The data: Begin
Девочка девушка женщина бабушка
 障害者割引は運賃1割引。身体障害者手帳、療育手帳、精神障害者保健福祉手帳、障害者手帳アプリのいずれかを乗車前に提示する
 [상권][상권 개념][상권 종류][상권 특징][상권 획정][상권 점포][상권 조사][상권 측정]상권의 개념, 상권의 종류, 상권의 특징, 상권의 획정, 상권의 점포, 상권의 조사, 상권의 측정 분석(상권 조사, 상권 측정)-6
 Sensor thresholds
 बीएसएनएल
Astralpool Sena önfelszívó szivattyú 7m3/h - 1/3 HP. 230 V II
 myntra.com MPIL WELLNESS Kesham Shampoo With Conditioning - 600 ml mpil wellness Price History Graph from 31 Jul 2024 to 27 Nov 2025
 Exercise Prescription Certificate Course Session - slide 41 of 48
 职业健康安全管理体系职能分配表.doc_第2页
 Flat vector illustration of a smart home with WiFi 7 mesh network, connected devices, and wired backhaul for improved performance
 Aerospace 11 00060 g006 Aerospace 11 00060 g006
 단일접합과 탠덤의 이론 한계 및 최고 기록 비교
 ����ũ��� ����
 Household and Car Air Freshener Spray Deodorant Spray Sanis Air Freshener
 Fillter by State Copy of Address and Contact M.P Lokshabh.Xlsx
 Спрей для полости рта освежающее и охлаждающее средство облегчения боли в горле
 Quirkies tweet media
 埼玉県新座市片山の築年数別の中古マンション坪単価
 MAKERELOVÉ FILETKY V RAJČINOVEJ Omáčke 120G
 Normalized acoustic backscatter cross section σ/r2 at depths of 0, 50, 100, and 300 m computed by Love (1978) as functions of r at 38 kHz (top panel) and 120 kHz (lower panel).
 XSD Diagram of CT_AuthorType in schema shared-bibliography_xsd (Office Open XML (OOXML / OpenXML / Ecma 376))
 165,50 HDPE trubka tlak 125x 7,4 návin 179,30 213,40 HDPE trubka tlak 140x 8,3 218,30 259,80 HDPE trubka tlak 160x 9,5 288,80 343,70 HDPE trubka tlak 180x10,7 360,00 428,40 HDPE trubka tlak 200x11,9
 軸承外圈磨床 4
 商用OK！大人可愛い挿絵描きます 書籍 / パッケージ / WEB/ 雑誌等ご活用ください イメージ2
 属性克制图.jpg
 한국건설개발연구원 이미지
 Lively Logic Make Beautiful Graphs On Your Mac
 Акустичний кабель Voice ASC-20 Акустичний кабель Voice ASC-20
The data: End
→ **To do**
Go through the data above and return every line exactly.

→ **Solution for this task**
Девочка девушка женщина бабушка
 障害者割引は運賃1割引。身体障害者手帳、療育手帳、精神障害者保健福祉手帳、障害者手帳アプリのいずれかを乗車前に提示する
 [상권][상권 개념][상권 종류][상권 특징][상권 획정][상권 점포][상권 조사][상권 측정]상권의 개념, 상권의 종류, 상권의 특징, 상권의 획정, 상권의 점포, 상권의 조사, 상권의 측정 분석(상권 조사, 상권 측정)-6
 Sensor thresholds
 बीएसएनएल
Astralpool Sena önfelszívó szivattyú 7m3/h - 1/3 HP. 230 V II
 myntra.com MPIL WELLNESS Kesham Shampoo With Conditioning - 600 ml mpil wellness Price History Graph from 31 Jul 2024 to 27 Nov 2025
 Exercise Prescription Certificate Course Session - slide 41 of 48
 职业健康安全管理体系职能分配表.doc_第2页
 Flat vector illustration of a smart home with WiFi 7 mesh network, connected devices, and wired backhaul for improved performance
 Aerospace 11 00060 g006 Aerospace 11 00060 g006
 단일접합과 탠덤의 이론 한계 및 최고 기록 비교
 ����ũ��� ����
 Household and Car Air Freshener Spray Deodorant Spray Sanis Air Freshener
 Fillter by State Copy of Address and Contact M.P Lokshabh.Xlsx
 Спрей для полости рта освежающее и охлаждающее средство облегчения боли в горле
 Quirkies tweet media
 埼玉県新座市片山の築年数別の中古マンション坪単価
 MAKERELOVÉ FILETKY V RAJČINOVEJ Omáčke 120G
 Normalized acoustic backscatter cross section σ/r2 at depths of 0, 50, 100, and 300 m computed by Love (1978) as functions of r at 38 kHz (top panel) and 120 kHz (lower panel).
 XSD Diagram of CT_AuthorType in schema shared-bibliography_xsd (Office Open XML (OOXML / OpenXML / Ecma 376))
 165,50 HDPE trubka tlak 125x 7,4 návin 179,30 213,40 HDPE trubka tlak 140x 8,3 218,30 259,80 HDPE trubka tlak 160x 9,5 288,80 343,70 HDPE trubka tlak 180x10,7 360,00 428,40 HDPE trubka tlak 200x11,9
 軸承外圈磨床 4
 商用OK！大人可愛い挿絵描きます 書籍 / パッケージ / WEB/ 雑誌等ご活用ください イメージ2
 属性克制图.jpg
 한국건설개발연구원 이미지
 Lively Logic Make Beautiful Graphs On Your Mac
 Акустичний кабель Voice ASC-20 Акустичний кабель Voice ASC-20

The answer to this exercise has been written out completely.